Loading fonts

sft_loadfile() will load a font from a given filename (by mapping it into memory), whereas sft_loadmem() can be given an arbitrary memory address and size (in bytes). This allows loading fonts from ZIP file streams etc.

Once a particular font is no longer needed, its memory should be freed again by calling sft_freefont(). If the font has been loaded with sft_loadmem(), the underlying memory region will have to be freed separately.

the SFT structure

Most functions take a SFT as their primary argument. This is a structure to be filled out by the caller. It bundles multiple commonly needed parameters. The fields are as follows:

font

The font to render with

xScale

The width of one em-square in pixels

yScale

The height of one em-square in pixels

xOffset

The horizontal offset to be applied before rendering to an image (Useful for subpixel-accurate positioning)

yOffset

The vertical offset to be applied before rendering to an image (Useful for subpixel-accurate positioning)

flags

A bitfield of binary flags

If the SFT_DOWNWARD_Y flag is set, the Y axis is interpreted to point downwards. Per default, it points upwards.

Glyph ids

schrift operates in terms of glyph ids (of type SFT_Glyph), which are font-specific identifiers assigned to renderable symbols (glyphs). The way to obtain a glyph id is to call sft_lookup(). This function takes a Unicode codepoint in codepoint and writes its corresponding glyph id into the variable pointed to by glyph.

Querying metrics

sft_lmetrics() calculates the typographic metrics neccessary for laying out multiple lines of text.
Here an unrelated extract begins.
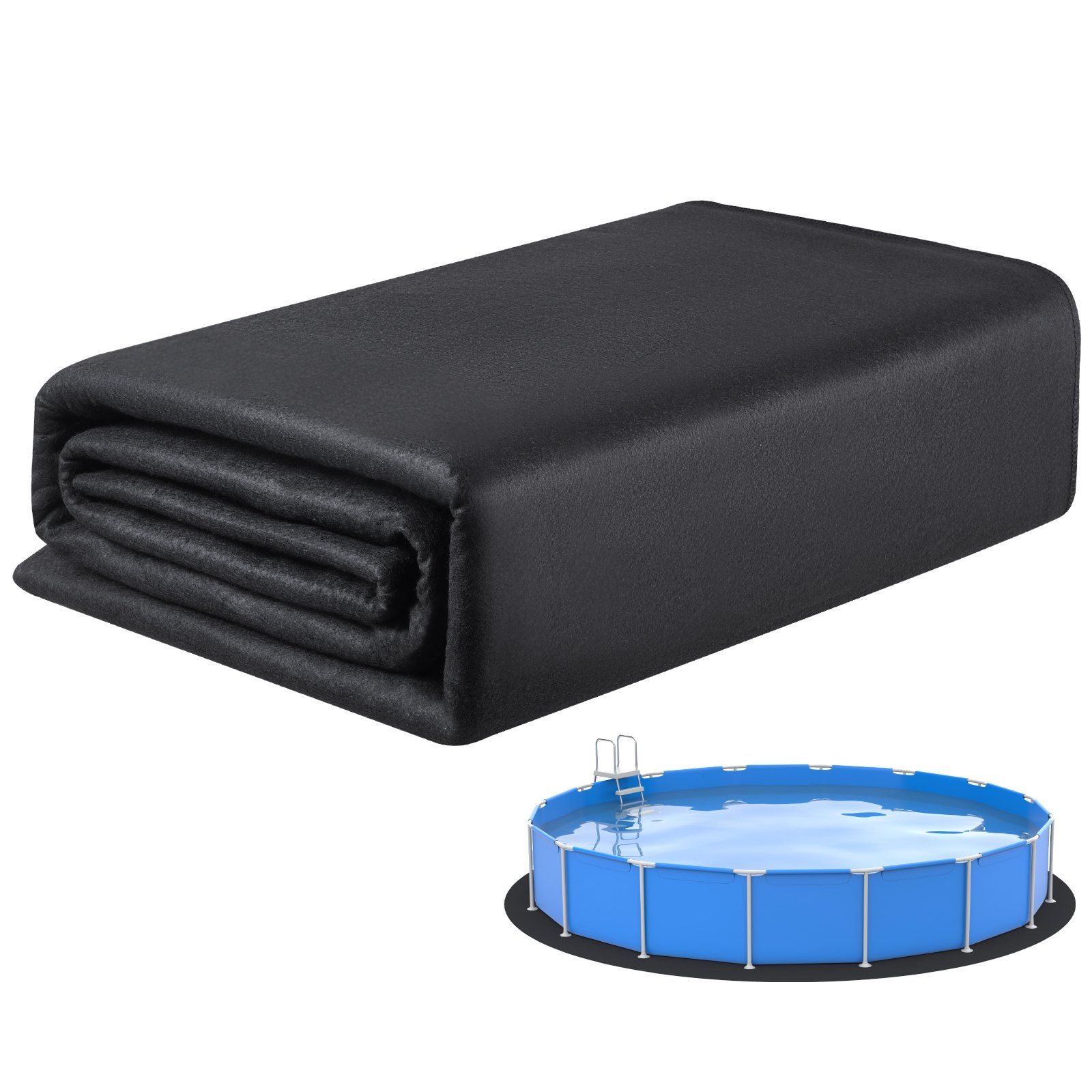15ft Round Pool Liner Pad, Pool Liner Pad for Above Ground Swimming Pools, Extra-Thick Pool Mat, Prevents Punctures, Recycled Geotextile Material Underlayment Pad, Extend Liner Life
This function writes its output into the structure pointed to by metrics. The fields are as follows:

ascender

The distance from the baseline to the visual top of the text

descender

The distance from the baseline to the visual bottom of the text

lineGap

The default amount of horizontal padding between consecutive lines

When displaying multiple glyphs in a line, you have to keep track of the pen position. sft_gmetrics() tells you where to draw the next glyph with respect to the pen position, and how to update it after rendering the glyph.
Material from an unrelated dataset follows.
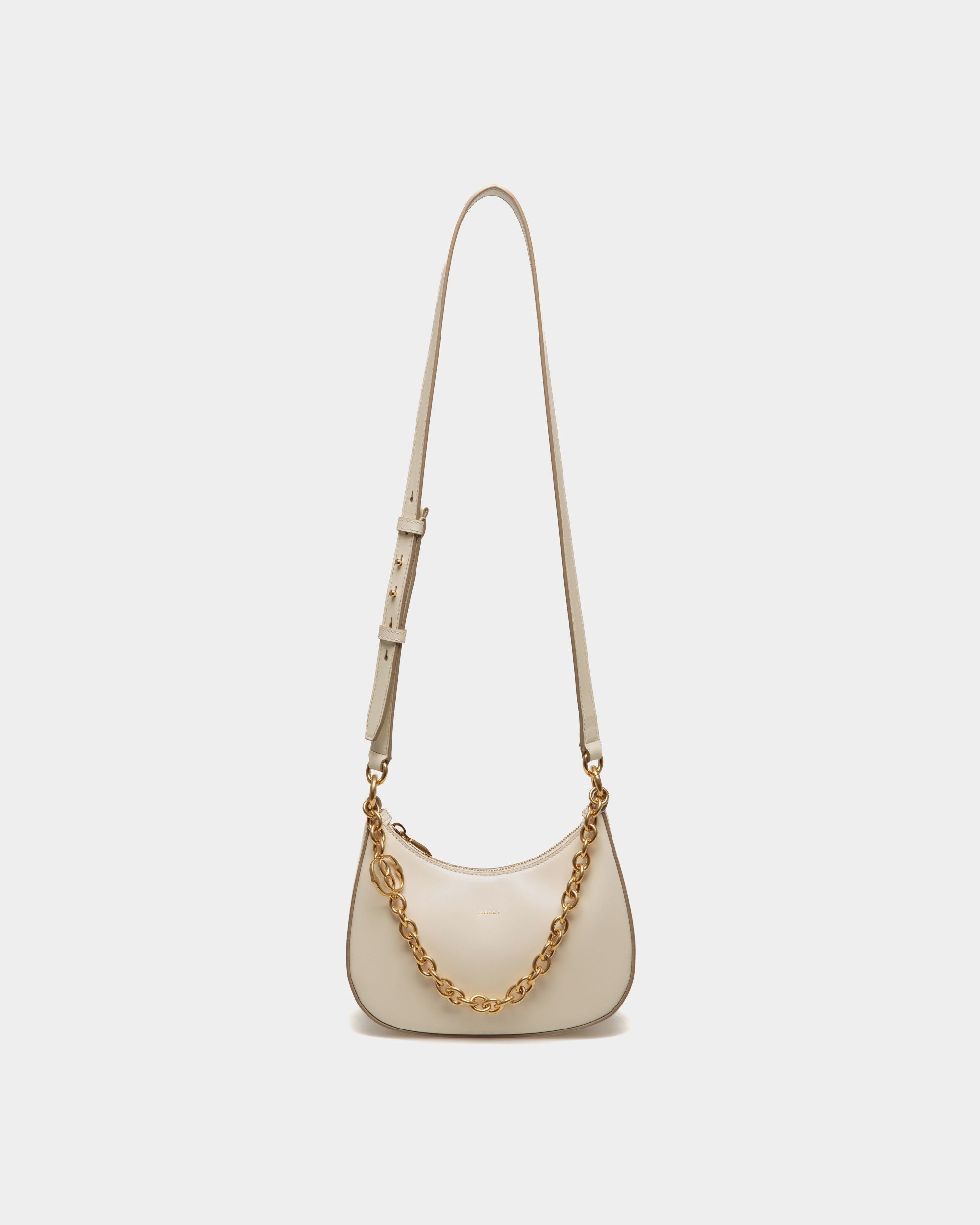Borsa A Tracolla Mini Emblem In Pelle Spazzolata Bianca - Donna - Bally - 01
This function writes its output into the structure pointed to by metrics. The fields are as follows:

advanceWidth

How much the pen position should advance to the right after rendering the glyph

leftSideBearing

The offset that should be applied along the X axis from the pen position to the edge of the glyph image

yOffset

An offset along the Y axis relative to the pen position that should be applied when displaying the glyph

minWidth

The minimum width that an image needs such that the glyph can be properly rendered into it

minHeight

The minimum height that an image needs such that the glyph can be properly rendered into it

Some sequences of glyphs may look awkward if they're layed out naively. For example, the gap between the two characters "VA" might look disproportionally large. Kerning is a way to combat this artifact, by slightly moving the second character closer or further away by a small amount. sft_kerning() may be used to retrieve kerning information for a given pair of glyph ids.

This function writes its output into the structure pointed to by kerning. The fields are as follows:

xShift

An amount that should be added to the pen's X position in-between the two glyphs

yShift

An amount that should be added to the pen's Y position in-between the two glyphs

Rendering glyphs

To actually render a glyph into a easily-displayable raster image, use sft_render().
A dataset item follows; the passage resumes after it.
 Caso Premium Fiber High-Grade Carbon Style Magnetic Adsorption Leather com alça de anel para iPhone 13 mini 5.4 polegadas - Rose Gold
Other than most functions, sft_render() takes a structure in image that is to be filled out by the caller. The fields are as follows:

pixels

A pointer to an array of bytes, width * height in size

width

The number of pixels in a row of the image

height

The number of pixels in a column of the image

The image will be rendered into the memory provided in pixels. Each byte corresponds to one pixel, with rows of the image being directly adjacent in memory without padding between them. Glyphs are rendered "white on black", meaning the background has a pixel value of 0, and the foreground goes up to a value of 255. Pixel values follow a linear color ramp, unlike conventional computer screens. That is to say, they are not gamma-corrected. These properties make it very easy to use images rendered with sft_render() as alpha masks.